On the Identification Tasks tab, find the target identification task and click Edit in the Actions column (for custom tasks), or select the target default task and click Scan Settings.
In the configuration panel, find the Identification Result Synchronization settings and select Synchronize to DMS Labels.

Note
Before enabling this feature, ensure that the target data asset is connected to DMS with the sensitive data protection capability activated.
Click OK to save.
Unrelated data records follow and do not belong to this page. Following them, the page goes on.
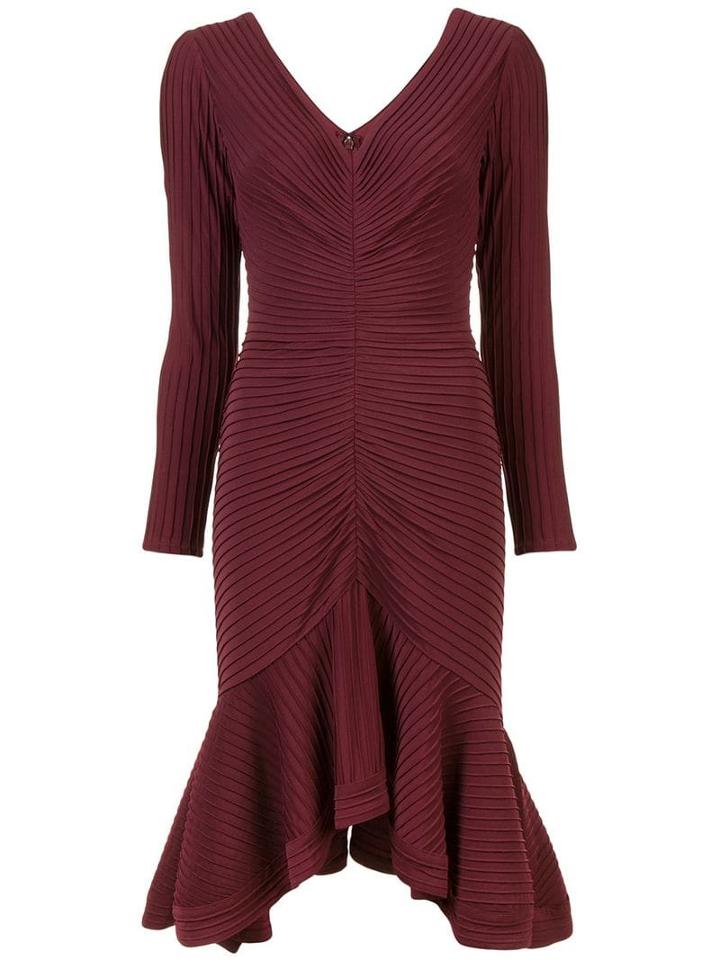 Tadashi Shoji Ribbed Longsleeved Dress - Red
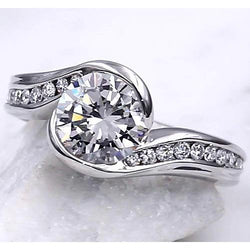 Real Natural Earth Mined Diamond Engagement Ring 2.75 Carats Tension Style Setting Women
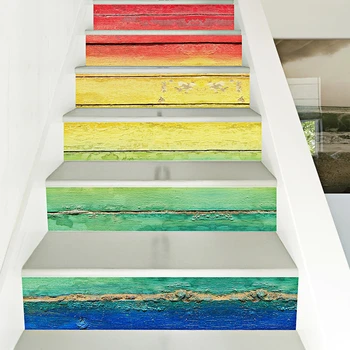 

Stair Stickers 3D Rainbow Wooden Pattern Waterproof Wallpaper Home Decorations 7.1 x 39.4 inch 6pcs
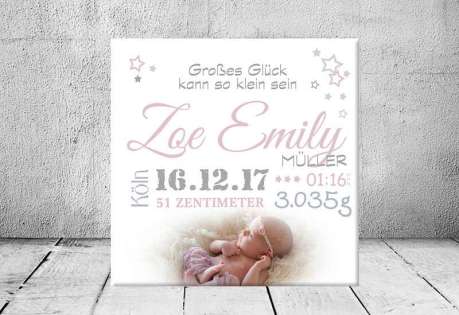 Geschenk Geburt personalisiert Baby Wandbild Geburtsdaten Leinwand Junge Mädchen Kinderzimmer Sterne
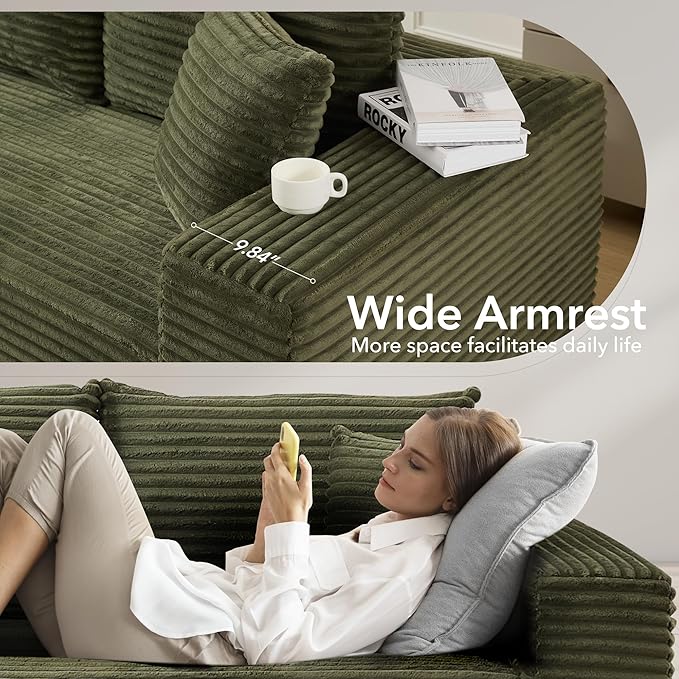 108 Cloud Sectional Couch with L-Shape Chaise Modern Modular Sofa with Deep Seat Boneless Cloud Couches for Living Room Bedroom No Assembly Required Plush Corduroy (Green Left Facing Chaise)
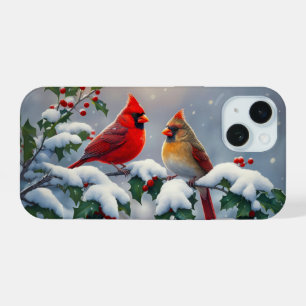 Rode kardinalen en hulst in de sneeuw iPhone 15 hoesje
The next time the identification task runs, the results are automatically synchronized to DMS.
After the next identification task completes, log on to the DMS console and check the column labels of the target table to verify that the classification tags and security levels are correctly synchronized.

Synchronize data security risk levels to DMS labels

DSC sensitivity levels (N/A, S1, S2, S3, and S4) can be synchronized to field security levels in DMS, enabling unified management of data security risk levels on the DMS side.

Level mapping

The default mapping between DSC data security risk levels and DMS field security levels is as follows:

DSC sensitivity level	DMS security level
N/A	Low
S1	Low
S2	Medium
S3	High
S4	High

Note

This mapping is the system default configuration for automatic label synchronization. To adjust it, manually modify the security level of the corresponding field in DMS.

Note

This mapping applies specifically to the automatic DMS label synchronization feature. For manual sensitivity level configuration, see the "Set sensitivity levels by DSC classification" section above, which uses a different grouping approach (S1 and S2 both correspond to Medium).